Depuis l’annulation des représentations au TNM, lorsqu’on cherche les insultes balancées dans les grands médias à l’endroit des critiques de SLĀV, on a l’embarras du choix [2]. Concentrons-nous sur quelques-uns.
Plusieurs intervenant.e.s ont qualifié les opposant.e.s dans des grands médias de « racistes antiblancs » ou de « racistes inversés ». Les militant.e.s racisé.e.s qui s’opposent à SLĀV seraient les véritables racistes parce qu’ils considèrent les Blancs comme suspects. Pour Mathieu Bock-Côté, « l’importation, depuis quelques années, d’une haine raciale antiblanche » est « un des phénomènes les plus graves de notre société » ; « ce racisme-là n’est pas plus honorable qu’un autre », souligne-t-il. Il en rajoute une semaine plus tard : « l’extrême gauche identitaire et racialiste (pour ne pas dire simplement une bande de racistes antiblancs) (...) a accès à tous les micros » et nous vivons « dans un monde soumis à la tyrannie émotionnelle de certaines minorités braillardes ».
Pour Christian Rioux, « La censure [3] qui vient de s’abattre sur le spectacle SLĀV, présenté par Betty Bonifassi et Robert Lepage au Festival international de jazz de Montréal, pourrait devenir un cas d’école de ce nouveau racisme inversé qui nous vient des États-Unis. » Pour Patrick Moreau, rédacteur en chef de la revue Argument, il est « parfaitement raciste d’associer de cette façon culture ou identité culturelle et couleur de peau ». Le concept d’appropriation culturelle « est de la même eau que ces cultures « nordique » ou « aryenne » défendues en d’autres temps ». Les responsables du FIJM qui ont annulé le spectacle « offrent à ces gens les verges qui serviront à les fesser périodiquement », une référence assez tordue aux punitions que recevaient les esclaves.
Je ne ferai pas ici une critique détaillée des concepts de racisme antiblanc et de racisme inversé, populaires au sein de l’alt-right et de l’extrême-droite contemporaines.

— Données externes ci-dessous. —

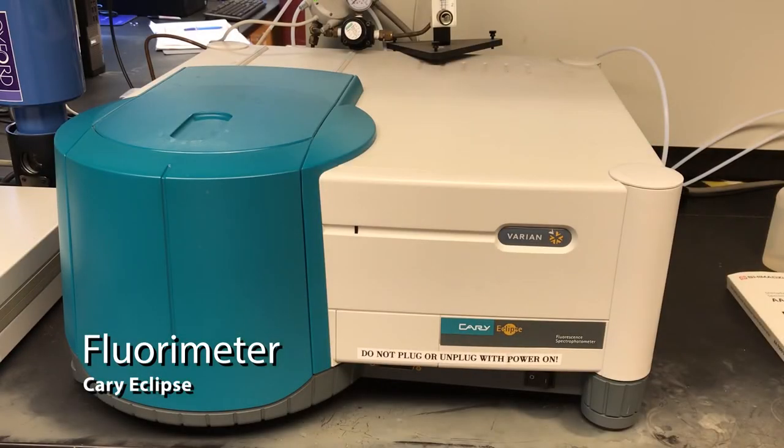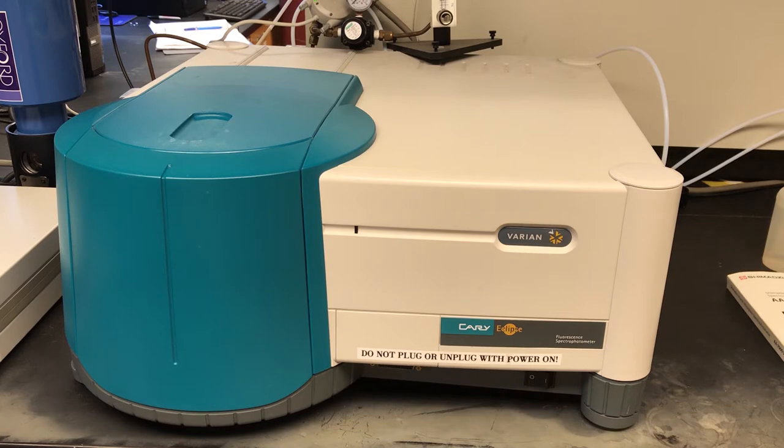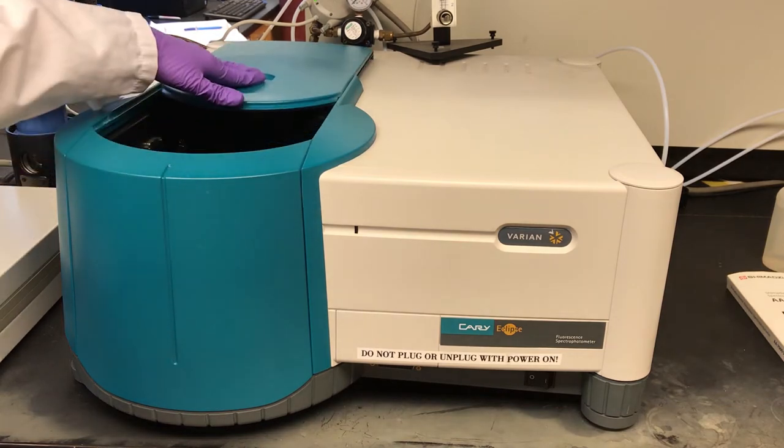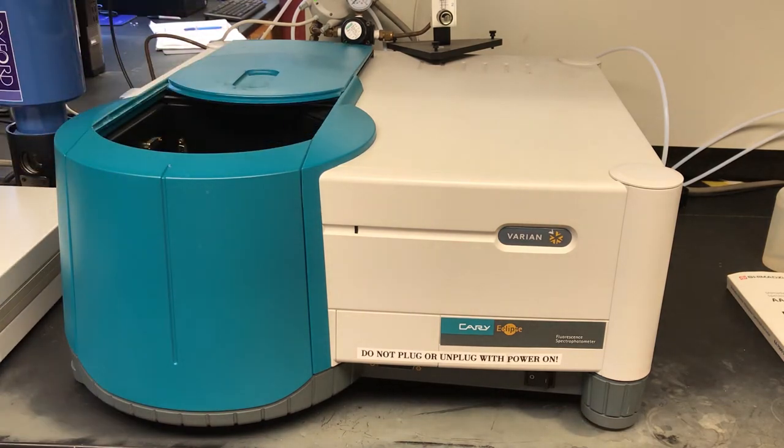So this is the Cary Eclipse Fluorescent Spectrometer. Sample compartment is here.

J’aimerais seulement souligner qu’il m’apparaît pour le moins contradictoire de déplorer qu’on accuse Lepage et Bonifassi de racisme pour ensuite fermer les yeux lorsque l’étiquette est retournée vers... des militant.e.s contre le racisme.
La palme revient cependant à l’emploi du mot « fasciste ». Dans un billet sur le site du Journal de Montréal où il explique que les « Blancs ont apporté au monde l’écriture et la science », Joseph Facal ramasse plusieurs des éléments mentionnés ci-haut : certains départements universitaires seraient les « incubateurs d’un racisme anti-blanc et d’un sexisme anti-homme », pour des « jeunes incultes au cerveau lessivé ». Facal termine en affirmant que « les nouveaux fascistes, nous les avons sous les yeux » [4]. L’emploi de ce terme est particulièrement choquant dans le contexte où un véritable néo-fascisme est en expansion en Europe et aux États-Unis ; chez nos voisins du Sud, l’historienne spécialiste Andrea Spitzer affirme que les établissements où des enfants de migrant.e.s sont détenus peuvent être qualifiés de camps de concentration d’un genre nouveau.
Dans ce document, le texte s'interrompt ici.